### YOUR OBJECTIVE
With pictures excluded, copy word for word the lines in the data below from the line containing "Grau Gebraucht 2009" through the line containing "Rooms Capo Rab Palit Exterior foto".

[[ DATA FOR PROCESSING, beginning ]]

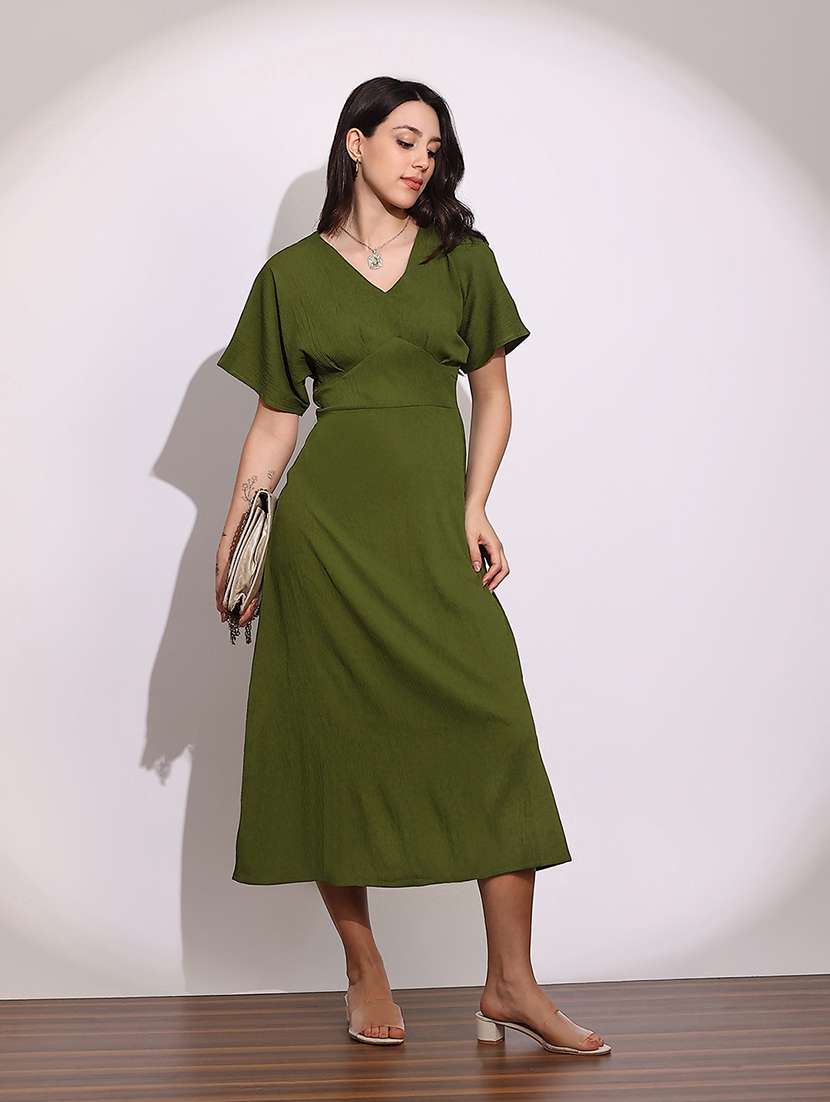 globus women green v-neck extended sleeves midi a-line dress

[[ DATA FOR PROCESSING, end ]]
[[ DATA FOR PROCESSING, beginning ]]

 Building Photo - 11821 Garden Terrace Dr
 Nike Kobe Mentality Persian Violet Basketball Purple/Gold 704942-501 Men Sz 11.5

[[ DATA FOR PROCESSING, end ]]
[[ DATA FOR PROCESSING, beginning ]]

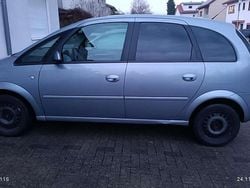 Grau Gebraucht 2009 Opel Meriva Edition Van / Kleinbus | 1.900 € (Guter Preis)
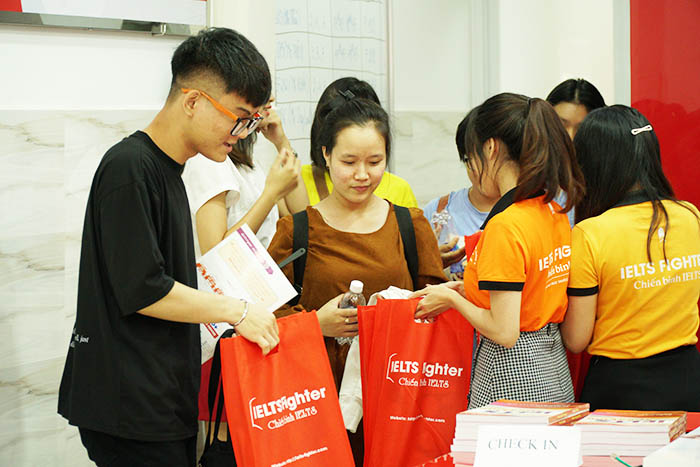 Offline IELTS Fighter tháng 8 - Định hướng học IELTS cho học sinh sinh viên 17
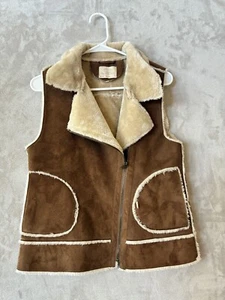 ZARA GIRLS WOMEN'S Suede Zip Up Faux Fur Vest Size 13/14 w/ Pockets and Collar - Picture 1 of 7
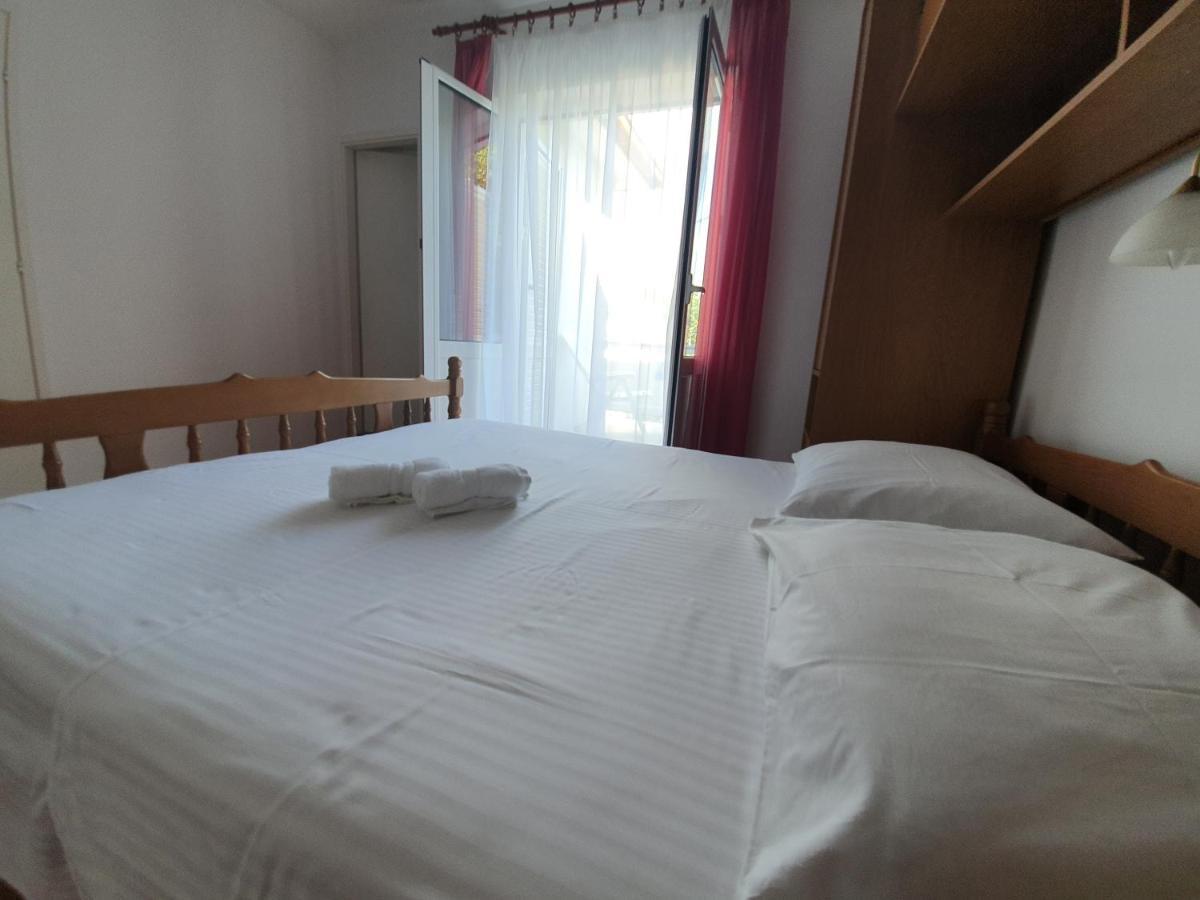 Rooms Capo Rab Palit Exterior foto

[[ DATA FOR PROCESSING, end ]]

### ANSWER BOX
 Grau Gebraucht 2009 Opel Meriva Edition Van / Kleinbus | 1.900 € (Guter Preis)
 Offline IELTS Fighter tháng 8 - Định hướng học IELTS cho học sinh sinh viên 17
 ZARA GIRLS WOMEN'S Suede Zip Up Faux Fur Vest Size 13/14 w/ Pockets and Collar - Picture 1 of 7
 Rooms Capo Rab Palit Exterior foto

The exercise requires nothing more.